MACHINE LEARNING

MACHINE LEARNING January 1, 2013

COMS4771-001 COURSE INFO

Time & Location	Tue / Thu 1:10pm-2:25pm at HAMILTON HAL 702
Instructors	Adrian Weller, adrian(at)cs(dot)columbia(dot)edu & Ilia Vovsha, iv2121(at)columbia(dot)edu
Office Hours	Tue & Thu 2:30-3:15pm at CEPSR 6LE5 (Adrian) Fri 1:30-3:00pm at CEPSR 6LE5 (Ilia)
TAs	Xu Tan, ttanxu(at)gmail(dot)com Peng Jiang, pj2243(at)columbia(dot)edu Ran Yu, ry2239(at)columbia(dot)edu
Bulletin Board	Available via courseworks.columbia.edu and is the best way to contact the Professor and the TAs. Use it for clarifications on lectures, questions about homework, etc.

Prerequisites: Background in calculus, linear algebra, and statistics.
Programming ability in some (any) language.

Description:
The course introduces various topics in machine learning. Material will include:
Baeysian inference & decision theory, Gaussian and exponential family distributions, 
maximum likelihood, least squares, linear regression, linear classification, 
neural networks, statistical learning theory, support vector machines, kernel methods,   
mixture models, the EM algorithm, graphical models, and hidden Markov models.
Students are expected to implement several algorithms in Matlab, and have some 
background in calculus, linear algebra, and statistics.

Recommended Texts:

The following three books are highly recommended.
Specifically, the Duda & Hart text is a very gentle introduction to many of the topics that will be covered in the first part of the course.
The Bishop book is a slightly more advanced discussion of many topics in machine learning.
The Jordan & Bishop text is very good on graphical models, which will be covered in the second half of the course.

Michael I. Jordan and Christopher M. Bishop, Introduction to Graphical Models.

Still unpublished. Available online (password-protected) on class home page.

Christopher M. Bishop, Pattern Recognition and Machine Learning, Springer.

2006 First Edition is preferred. ISBN: 0387310738. 2006.

R.O. Duda, P.E. Hart and D.G. Stork, Pattern Classification, John Wiley & Sons, 2001.

Optional Texts: Available at library (additional handouts and pointers to useful sites will also be provided).

V. Vapnik, Statistical Learning Theory, Wiley-Interscience, 1998.

Trevor Hastie, Robert Tibshirani and Jerome Friedman, The Elements of Statistical Learning,
Springer-Verlag New York USA, 2009. 2nd Edition. ISBN 0387848576.

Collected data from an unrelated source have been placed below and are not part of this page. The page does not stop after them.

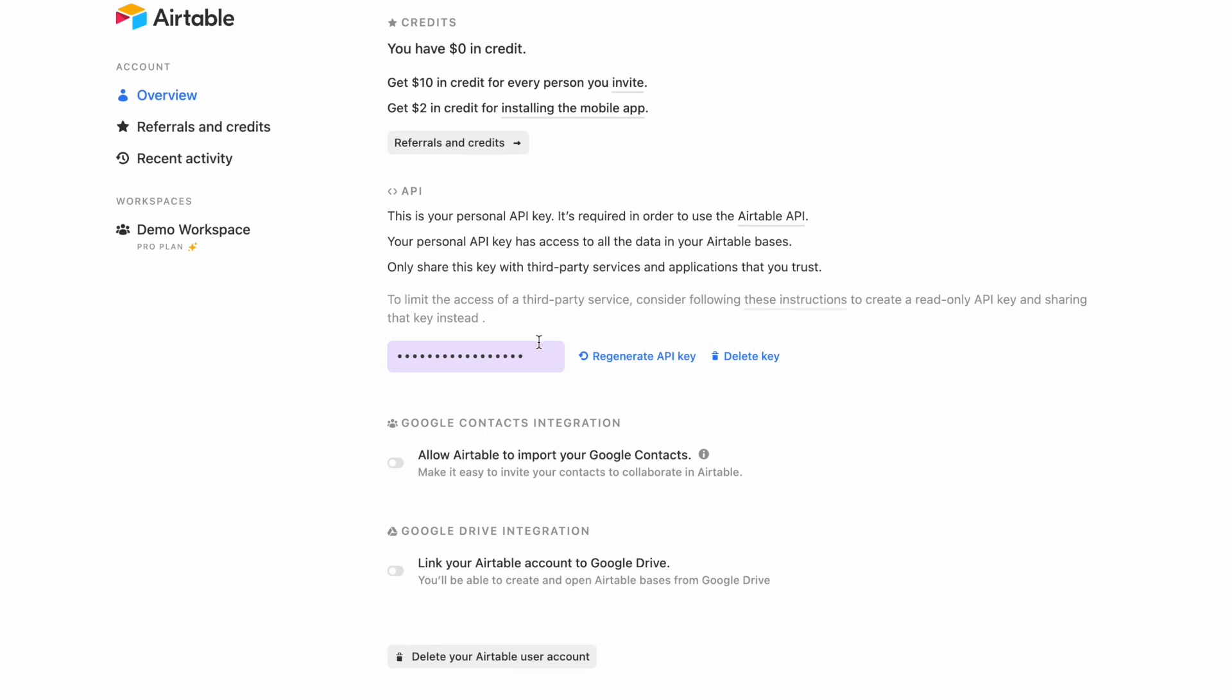If you have, all you want to do is select the field, copy the key, and let's jump back across to the software studio.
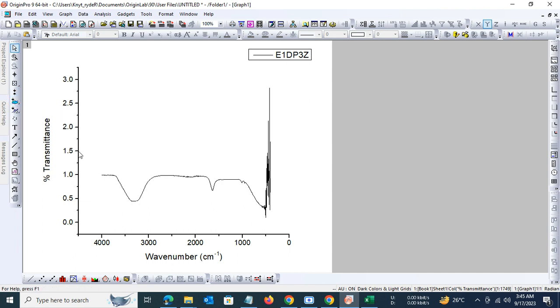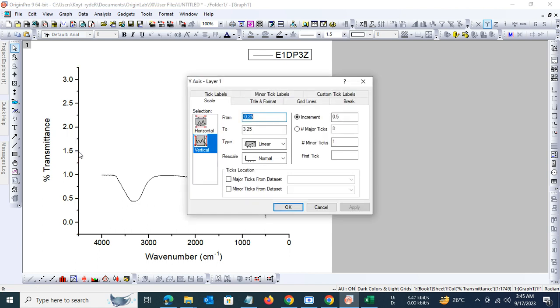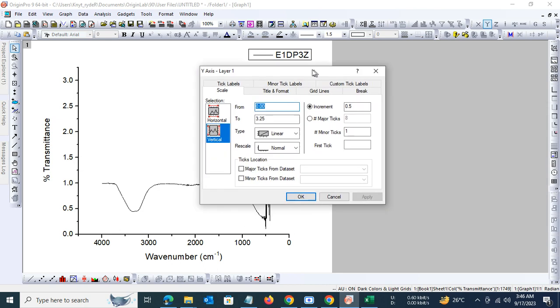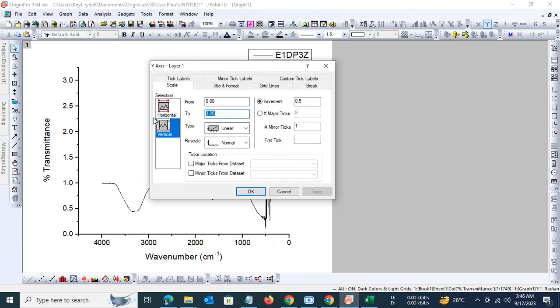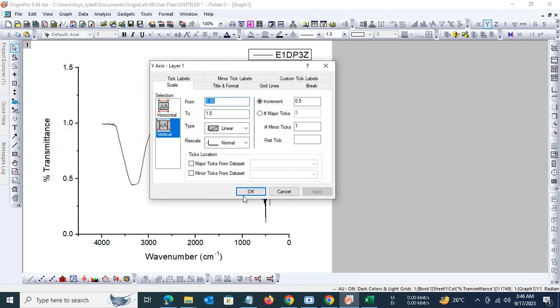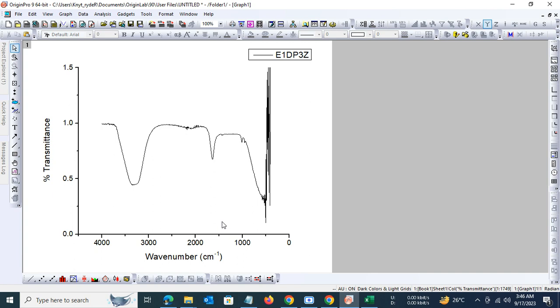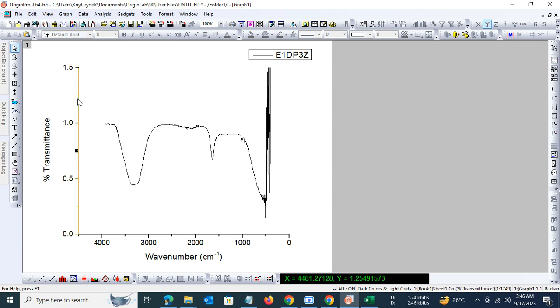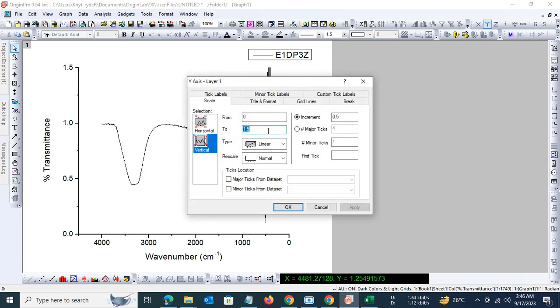Let us set the y-axis between zero and approximately 1.5 for a better representation. Actually, we can go lower than 1.5. Let's see what the data point here is. 1.25, that's okay. So let us set the y-axis as 1.25.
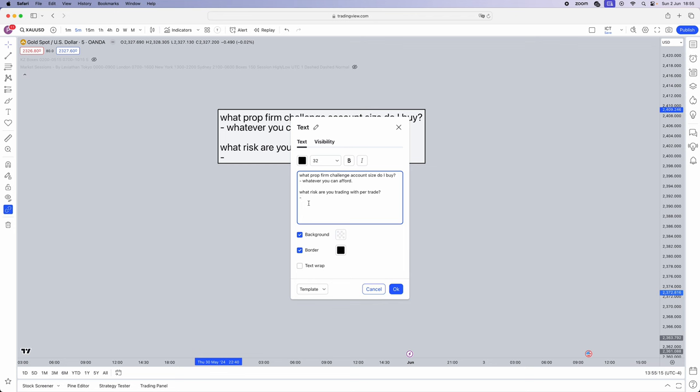However, you need to pass the challenge. You need to pass these challenges because as soon as you pass these challenges, listen, your life is going to start changing. So what risk are you going to be taking per trade? Remember, all of these rules are only applicable to an evaluation account, not the live stage, not personal accounts - this is the evaluation phase. So 1 to 1.5% per trade. This, hands down, 1 to 1.5% - you should never ever be blowing the overall drawdown which is 10%.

D. Mackay, Information Theory, Inference and Learning Algorithms,
Cambridge University Press, 2003, available to download online.

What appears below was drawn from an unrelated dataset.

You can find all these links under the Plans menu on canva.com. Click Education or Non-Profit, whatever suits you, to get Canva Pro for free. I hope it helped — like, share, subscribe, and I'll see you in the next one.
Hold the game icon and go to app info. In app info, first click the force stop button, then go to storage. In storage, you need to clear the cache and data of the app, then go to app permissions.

Graded Work: Grades will be based on homeworks (40%), the midterm (around 25%),

and the final exam (around 35%). Any material covered in

assigned readings, handouts, homeworks, solutions, or lectures may appear in exams. Your worst homework will not count towards your grade.

If you miss the midterm and don't have an official reason, you will get 0 on it.

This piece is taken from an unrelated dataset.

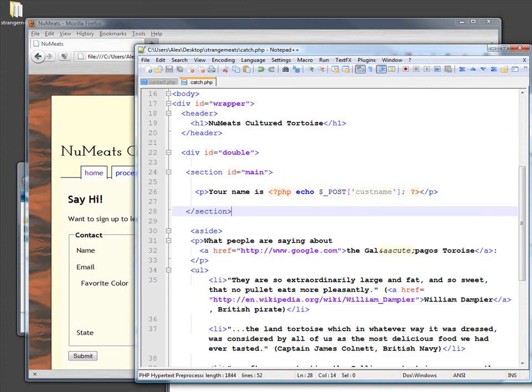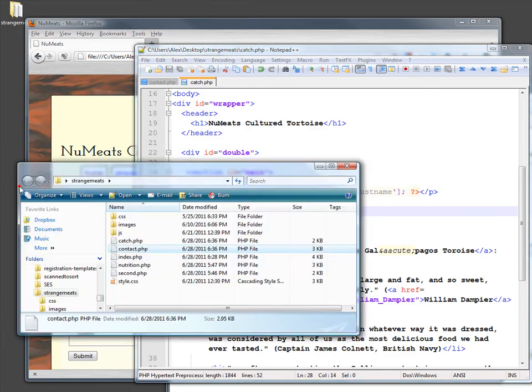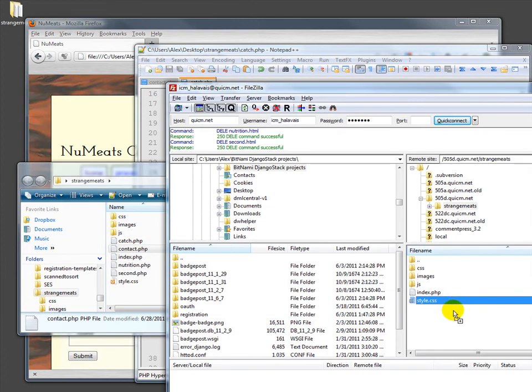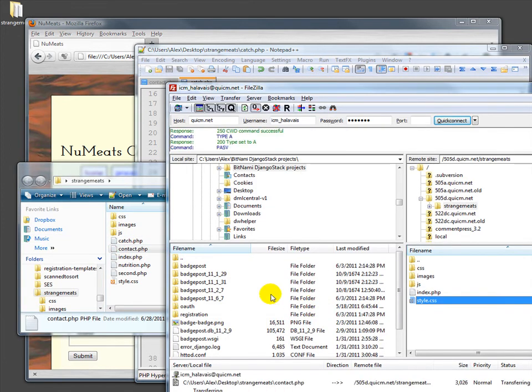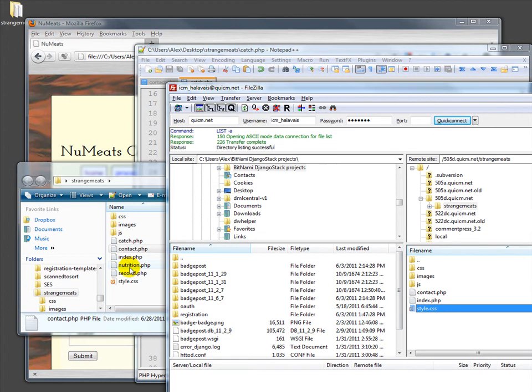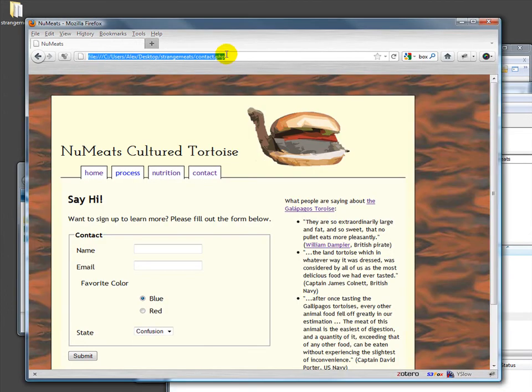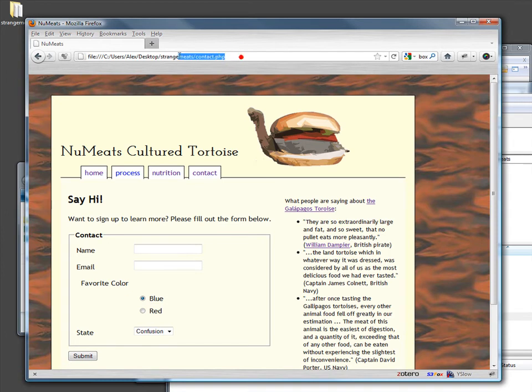I'm going to go over here and I'm going to bring over both our new contact and also our new file called catch. Let's go ahead up here to contact up on the - this isn't up on the browser. We will go to contact.php.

If you have an official reason, your midterm grade will be based on the final exam.

Tentative Schedule:

Date	Topic
January 22	Lecture 01: Introduction
January 24	Lecture 02: Basic Statistics
January 29	Lecture 03: Parametric Statistical Inference
January 31	Lecture 04: Parametric Statistical Inference
February 5	Lecture 05: Cross Validation & Parametric Paradigm
February 7	Lecture 06: Perceptron
February 12	Lecture 07: Neural Networks & BackProp
February 14	Lecture 08: Statistical Learning Theory (intro)
February 19	Lecture 09: Statistical Learning Theory (capacity)
February 21	Lecture 10: Statistical Learning Theory (bounds)
February 26	Lecture 11: VC Dimension
February 28	Lecture 12: Support Vector Machines
March 5	Lecture 13: Kernels
March 7	Lecture 14: Dimensionality Reduction
March 12	Lecture 15: Clustering
March 14	MIDTERM EXAM
March 19	Spring Recess (NO CLASS)
March 21	Spring Recess (NO CLASS)
March 26	Lecture 16: Mixtures of Gaussians, Latent variables, EM intro
March 28	Lecture 17: EM in more details
April 2	Lecture 18: Graphical Models...
April 4	Lecture :
April 9	Lecture :
April 11	Lecture :
April 16	Lecture :
April 18	Lecture :
April 23	Lecture :
April 25	Lecture :
April 30	Lecture :
May 2	Lecture :

Class Attendance: You are responsible for all material presented in the class

lectures, recitations, and so forth. Some material will diverge from the textbooks

so regular attendance is important.

Late Policy: If you hand in late work without approval of the instructor or TAs,

you will receive zero credit. Homework is due at the beginning of class on the

due date.

Cooperation on Homework:
You are encouraged to discuss HW problems with each other in small groups (2-3 people),
but you must list your discussion partners on your submission.
Solutions (code) must be written independently, sharing or copying of solutions is not allowed.
Of course, no cooperation is allowed during exams.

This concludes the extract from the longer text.